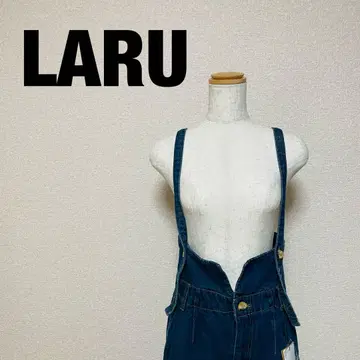 LARU 데님 하이웨스트 서스펜더 와이드 팬츠 살로펫 M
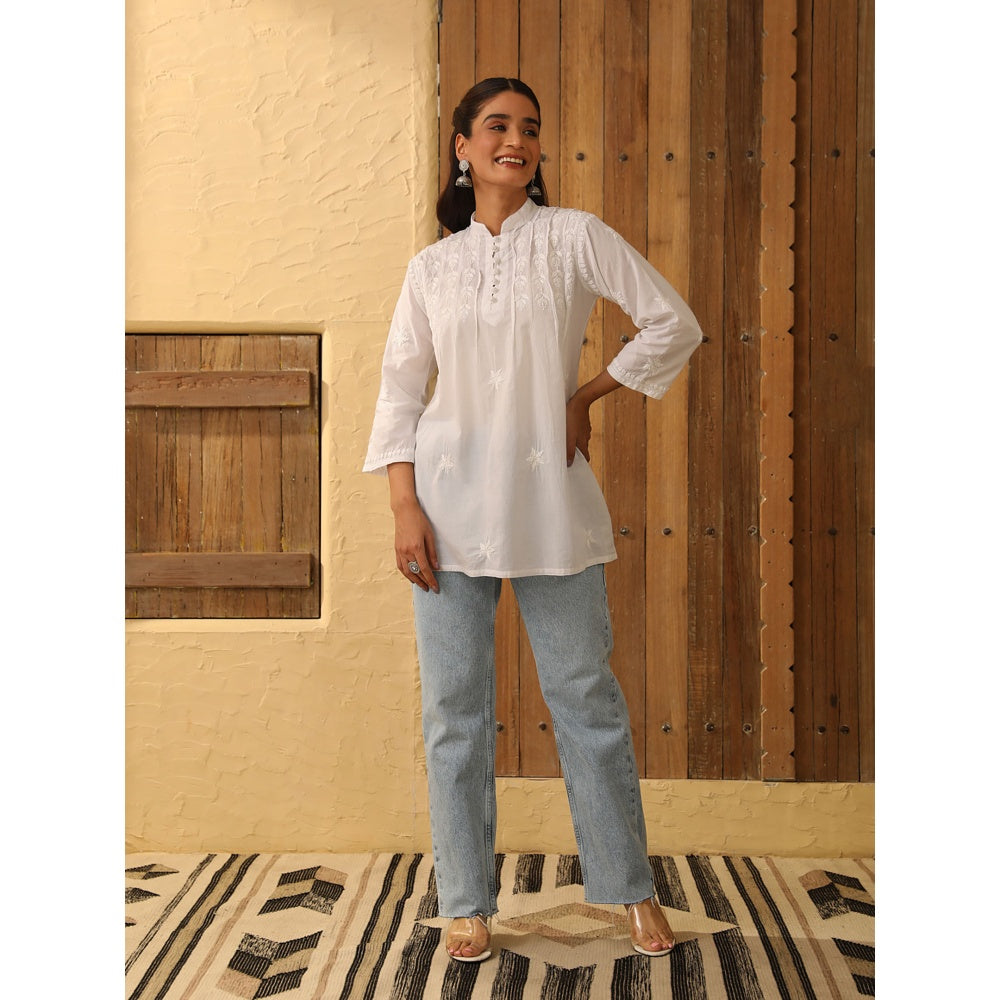 House of Chikankari Chikankari Cotton Embroidered Tunic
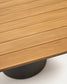Tavolo da esterno Tudons in alluminio con finitura in grigio e teak 148 x 148 cm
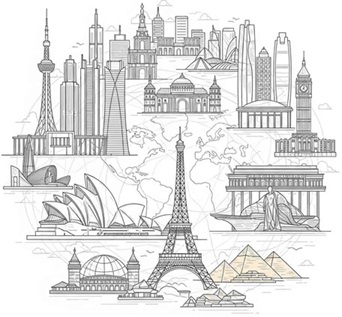 Illustration of famous city landmarks around the world
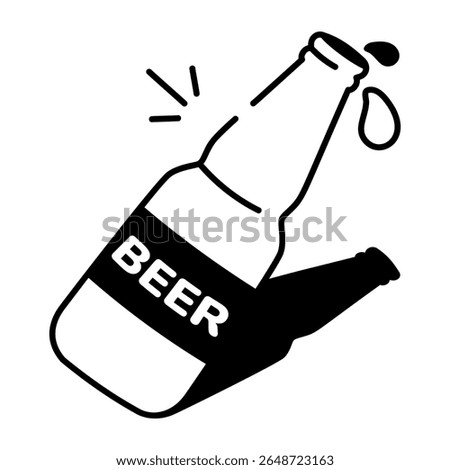 A doodle style icon of an open beer bottle

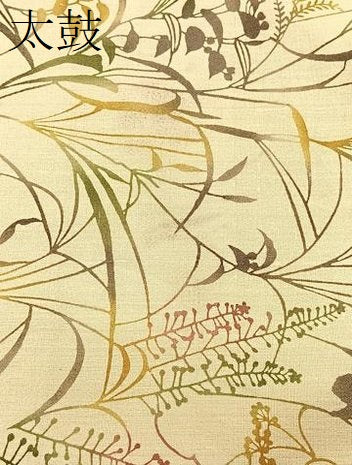 平和屋着物＊夏物　九寸名古屋帯　型染め　枝葉文　正絹　逸品　CABK1523fb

- - -

With pictures left out, transcribe each line from the one containing "House of Chikankari" through the end of the data, both ends included.

 House of Chikankari Chikankari Cotton Embroidered Tunic
Tavolo da esterno Tudons in alluminio con finitura in grigio e teak 148 x 148 cm
 Illustration of famous city landmarks around the world
 A doodle style icon of an open beer bottle

 平和屋着物＊夏物　九寸名古屋帯　型染め　枝葉文　正絹　逸品　CABK1523fb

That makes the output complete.